Они приехали в сумерках, и пока мы шли сквозь искрившуюся толпу из сотен людей, голос Дэйзи творил чудеса, шелестя и журча в ее гортани.
– Как же меня все это возбуждает, – шептала она. – Если захочешь поцеловать меня, Ник, – в любую минуту вечера, – дай только знать, я с удовольствием это устрою. Просто произнеси мое имя. Или покажи зеленую карточку. Я теперь раздаю зеленые…
– Посмотрите вокруг, – предложил Гэтсби.
– Я и смотрю. Я чудесно…
– Вы наверняка увидите людей, о которых немало наслышаны.

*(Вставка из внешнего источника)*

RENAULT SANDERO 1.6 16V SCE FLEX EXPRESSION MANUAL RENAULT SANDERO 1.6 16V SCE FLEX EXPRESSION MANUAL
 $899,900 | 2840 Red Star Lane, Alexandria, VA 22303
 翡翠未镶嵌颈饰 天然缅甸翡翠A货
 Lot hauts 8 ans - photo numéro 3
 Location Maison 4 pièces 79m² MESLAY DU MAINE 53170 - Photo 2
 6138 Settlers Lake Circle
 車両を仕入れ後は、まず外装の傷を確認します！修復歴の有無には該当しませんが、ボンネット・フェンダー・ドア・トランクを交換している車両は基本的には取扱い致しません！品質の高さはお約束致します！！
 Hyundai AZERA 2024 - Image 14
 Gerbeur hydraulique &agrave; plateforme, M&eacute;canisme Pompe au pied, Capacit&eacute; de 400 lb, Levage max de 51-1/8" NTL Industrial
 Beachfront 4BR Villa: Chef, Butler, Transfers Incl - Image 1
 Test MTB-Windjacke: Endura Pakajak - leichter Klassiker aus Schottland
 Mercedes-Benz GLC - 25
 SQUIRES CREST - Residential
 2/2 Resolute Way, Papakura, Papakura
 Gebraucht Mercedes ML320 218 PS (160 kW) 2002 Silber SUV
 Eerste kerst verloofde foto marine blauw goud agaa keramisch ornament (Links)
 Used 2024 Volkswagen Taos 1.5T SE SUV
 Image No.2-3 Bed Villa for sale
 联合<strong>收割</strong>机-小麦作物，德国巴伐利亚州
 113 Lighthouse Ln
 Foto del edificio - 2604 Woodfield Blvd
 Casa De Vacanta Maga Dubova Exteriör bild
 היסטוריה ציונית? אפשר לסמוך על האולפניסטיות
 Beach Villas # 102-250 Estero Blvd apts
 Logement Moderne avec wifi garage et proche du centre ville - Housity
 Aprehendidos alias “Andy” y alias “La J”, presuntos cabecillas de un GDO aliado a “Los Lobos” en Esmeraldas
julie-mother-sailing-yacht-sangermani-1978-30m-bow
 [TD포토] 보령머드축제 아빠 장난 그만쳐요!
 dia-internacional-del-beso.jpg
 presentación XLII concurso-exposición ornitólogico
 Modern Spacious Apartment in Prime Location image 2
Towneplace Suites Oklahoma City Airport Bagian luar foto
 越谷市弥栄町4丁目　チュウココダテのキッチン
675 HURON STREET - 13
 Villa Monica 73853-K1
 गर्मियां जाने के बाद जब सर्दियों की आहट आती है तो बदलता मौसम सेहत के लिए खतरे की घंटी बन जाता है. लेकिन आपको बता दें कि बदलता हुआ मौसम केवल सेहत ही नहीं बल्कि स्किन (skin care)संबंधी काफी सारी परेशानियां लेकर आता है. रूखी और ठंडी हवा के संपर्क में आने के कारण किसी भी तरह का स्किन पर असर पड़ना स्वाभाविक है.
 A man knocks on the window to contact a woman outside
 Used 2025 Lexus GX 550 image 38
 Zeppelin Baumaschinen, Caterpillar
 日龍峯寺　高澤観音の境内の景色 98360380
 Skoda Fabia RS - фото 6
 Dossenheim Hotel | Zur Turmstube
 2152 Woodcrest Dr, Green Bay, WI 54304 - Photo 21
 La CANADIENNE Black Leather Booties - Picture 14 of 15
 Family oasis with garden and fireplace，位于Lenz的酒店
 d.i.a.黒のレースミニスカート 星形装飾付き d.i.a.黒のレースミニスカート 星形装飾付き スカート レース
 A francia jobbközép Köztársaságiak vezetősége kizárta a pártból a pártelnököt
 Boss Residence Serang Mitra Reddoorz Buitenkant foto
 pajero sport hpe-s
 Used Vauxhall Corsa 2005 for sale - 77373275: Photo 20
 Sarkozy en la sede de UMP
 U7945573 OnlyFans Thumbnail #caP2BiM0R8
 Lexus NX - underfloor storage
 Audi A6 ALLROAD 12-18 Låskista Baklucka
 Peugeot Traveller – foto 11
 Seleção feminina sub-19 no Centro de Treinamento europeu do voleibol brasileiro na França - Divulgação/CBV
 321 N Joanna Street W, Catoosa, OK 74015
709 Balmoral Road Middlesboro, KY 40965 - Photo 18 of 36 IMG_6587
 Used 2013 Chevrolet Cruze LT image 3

Том, окинув толпу надменным взглядом, сказал:
– Мы редко выходим на люди. Собственно говоря, я, по-моему, не знаю здесь ни единой души.
– Возможно, вам известна вон та дама.
И Гэтсби указал на ослепительную, куда больше похожую на орхидею, чем на человека, женщину, восседавшую, словно напоказ, под сливовым деревом. Том и Дэйзи вгляделись в нее, и, похоже, обоих охватило странное чувство нереальности, какое возникает, когда ты видишь совсем рядом с собой остававшуюся до этой минуты призраком фильмовую знаменитость.